**WORK TO COMPLETE**
Only the lines from the one that includes "70s Orient Crystal" through the last line below belong in the reply, copied exactly and without pictures.

**EXERCISE MATERIALS**
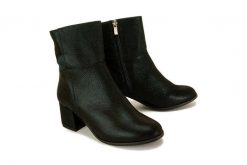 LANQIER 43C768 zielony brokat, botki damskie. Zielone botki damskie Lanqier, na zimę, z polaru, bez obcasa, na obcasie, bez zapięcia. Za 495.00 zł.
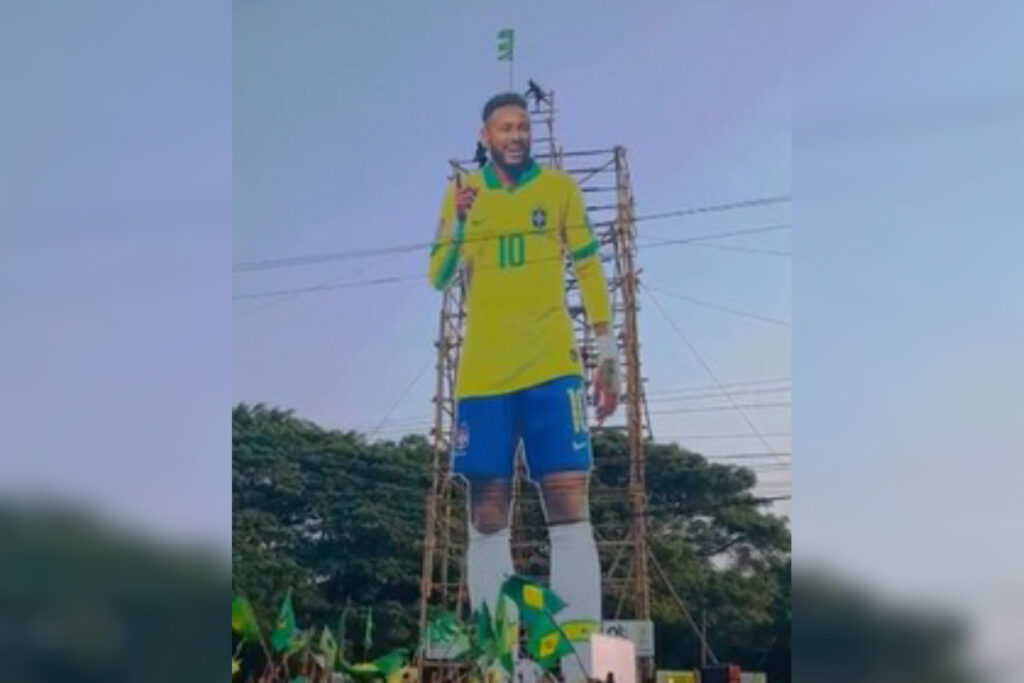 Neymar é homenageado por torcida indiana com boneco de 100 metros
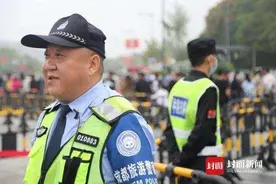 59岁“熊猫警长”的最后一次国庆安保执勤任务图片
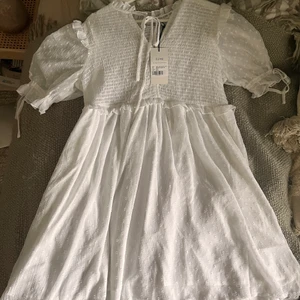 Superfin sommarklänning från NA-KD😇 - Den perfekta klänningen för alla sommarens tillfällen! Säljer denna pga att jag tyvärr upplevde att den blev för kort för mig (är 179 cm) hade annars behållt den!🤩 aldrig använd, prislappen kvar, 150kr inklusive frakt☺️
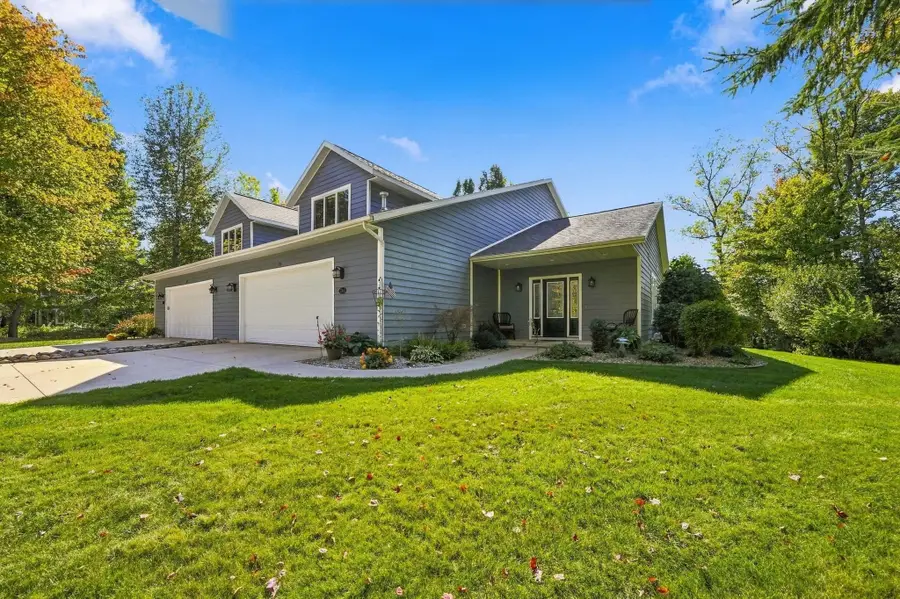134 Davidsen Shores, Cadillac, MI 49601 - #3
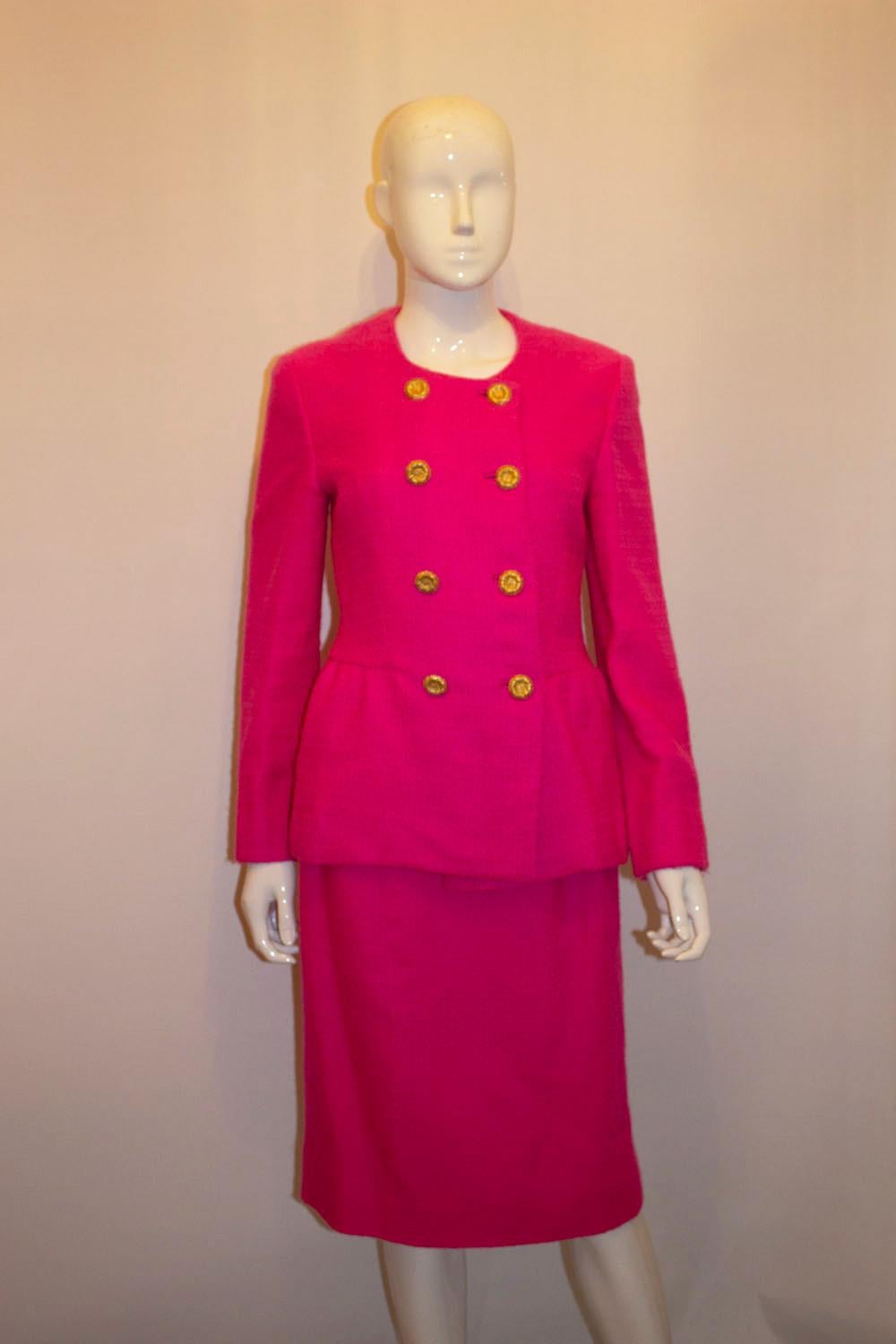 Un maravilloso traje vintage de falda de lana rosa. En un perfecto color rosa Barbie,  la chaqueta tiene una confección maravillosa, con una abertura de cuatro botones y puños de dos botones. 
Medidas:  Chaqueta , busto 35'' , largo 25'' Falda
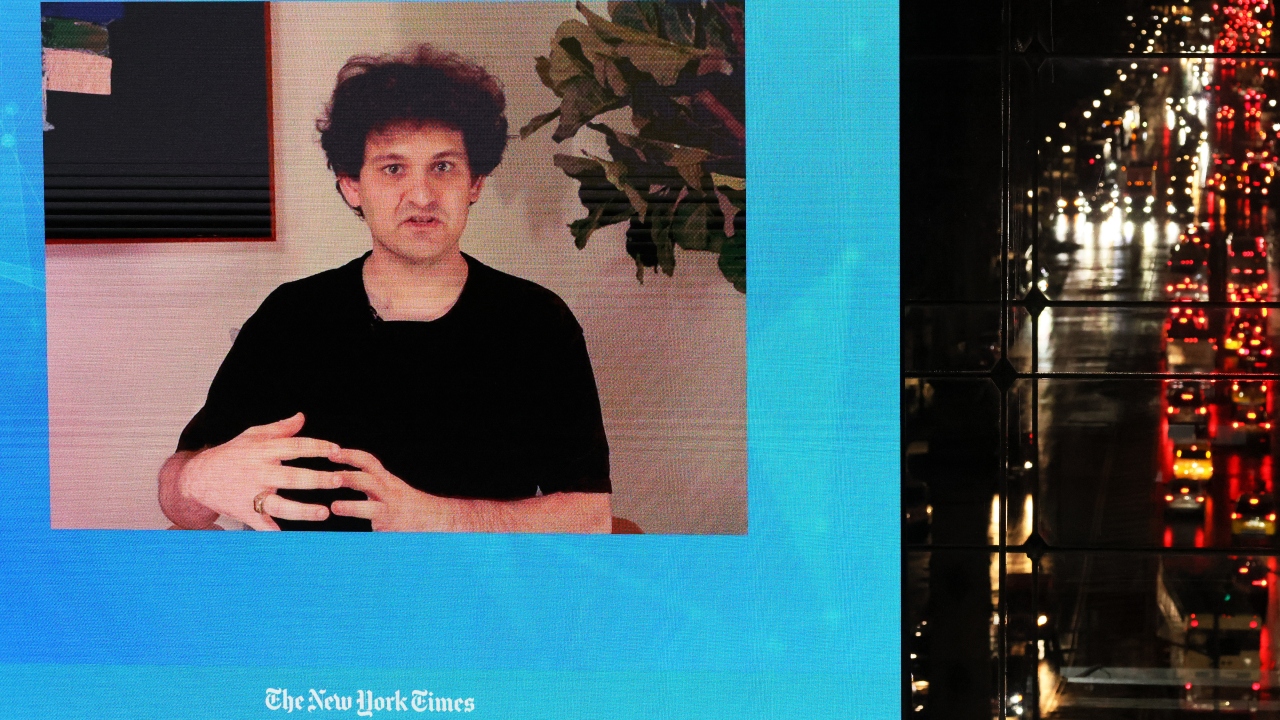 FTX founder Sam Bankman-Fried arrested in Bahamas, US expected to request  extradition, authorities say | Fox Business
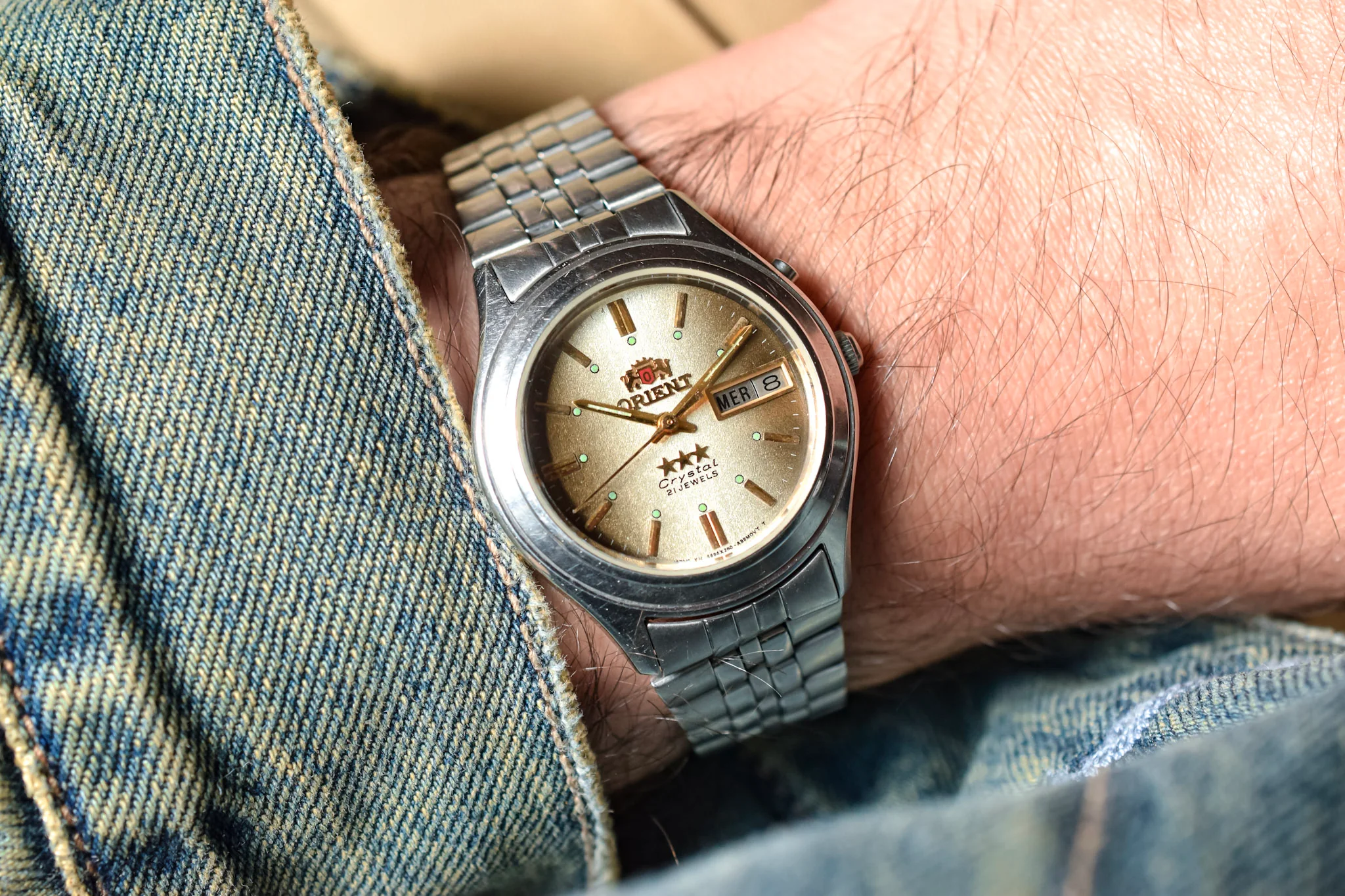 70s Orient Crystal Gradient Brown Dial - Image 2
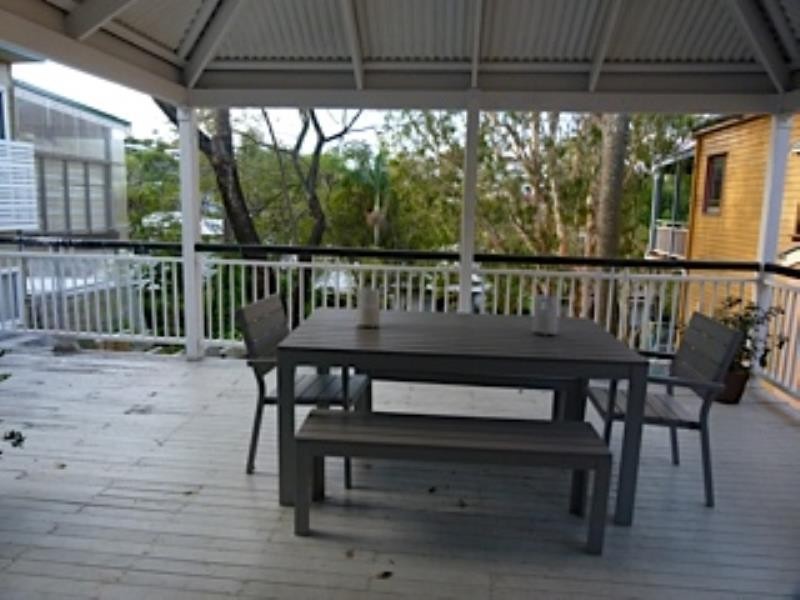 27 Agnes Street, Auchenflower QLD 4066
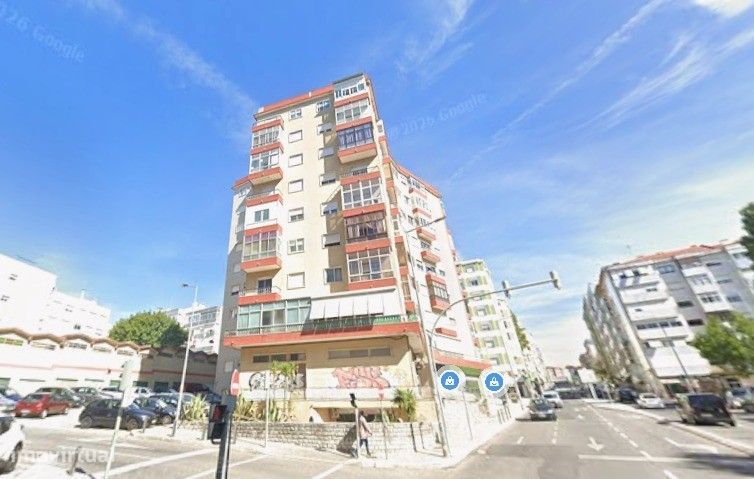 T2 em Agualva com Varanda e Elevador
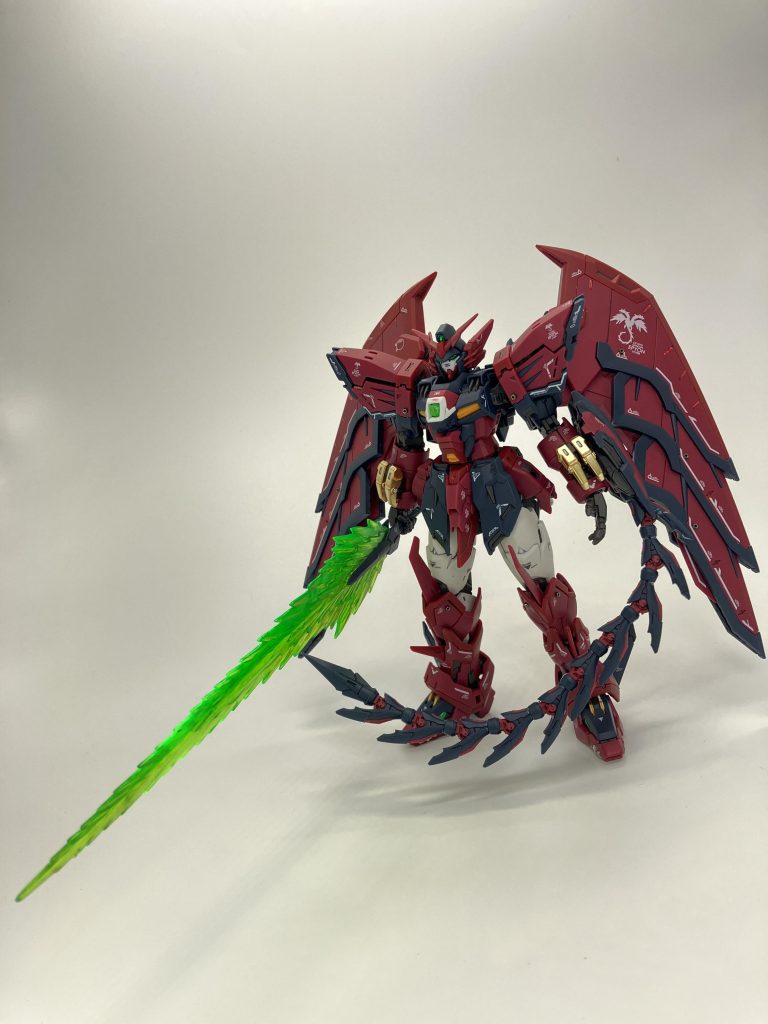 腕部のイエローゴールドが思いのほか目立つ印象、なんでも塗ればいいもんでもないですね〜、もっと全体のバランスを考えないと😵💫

**RESULT OF THIS TASK**
 70s Orient Crystal Gradient Brown Dial - Image 2
 27 Agnes Street, Auchenflower QLD 4066
 T2 em Agualva com Varanda e Elevador
 腕部のイエローゴールドが思いのほか目立つ印象、なんでも塗ればいいもんでもないですね〜、もっと全体のバランスを考えないと😵💫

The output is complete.